The Company’s EBITDA increased by 53% in Q1
In January–March 2021, Interpipe’s profit slumped by 90% to $865 million y-o-y, according to Interfax-Ukraine citing the Company’s interim report on operating and financial results for three months.
Revenue in Q1 decreased by 19.9% y-o-y to $200.9 million; EBITDA declined by 53% y-o-y- to $40 million. Total Net Debt stood at $53 million with net leverage ratio (net debt to EBITDA) at 0.2x.
“In Q1, Interpipe continued operating in challenging market environment which impacted its financial performance. The total revenue dropped by 20%, primarily due to a contraction in railway product segment following the imposition of embargo on imports of Ukraine-made railway products by Russia. Revenue of the railway product segment plunged by 53%, with a fall in sales volumes of 32%,” reads the report.
At the same time, the Company ramped up its capital investment, having spent $17 million for maintenance and expansion projects.
“Additional adverse effects are associated with ongoing global price rally on commodities and metal products. At the same time, sale prices for pipes and railway products were lagging the appreciation of production inputs,” Interpipe noted.
As of 31 March 2021, the Company’s total debt fell to $110 million, keeping the net leverage ratio (net debt to EBITDA) at the minor level of 0.2x.
“The strong price rally on raw materials and steel products in Q1 2021 caused a downward pressure on the Company’s production margins. Starting from 9 February 2021, Russia imposed an embargo on import of Ukrainian railway products, which resulted in much weaker performance. However, then in the first months of Q2 2021 Interpipe have been successful in redirecting sales volumes of wheels to other destinations, having almost reached the pre-embargo production levels,” Fadi Hraibi, Interpipe CEO, said in a commentary.
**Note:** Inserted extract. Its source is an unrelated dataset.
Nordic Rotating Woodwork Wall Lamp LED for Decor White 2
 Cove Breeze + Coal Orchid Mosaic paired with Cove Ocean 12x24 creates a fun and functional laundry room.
As GMK Center reported earlier, in 2020, Interpipe reduced its revenue by 23% y-o-y to $865 million. The Company’s EBITDA increased by 6% to $273 million, while its capital investment fell by 26% to $44 million and net debt to $12 million.
Interpipe is an international, vertically integrated pipe and wheel company, one of the top 10 global manufacturers of seamless pipes and one of the top 3 manufacturers of railway wheels.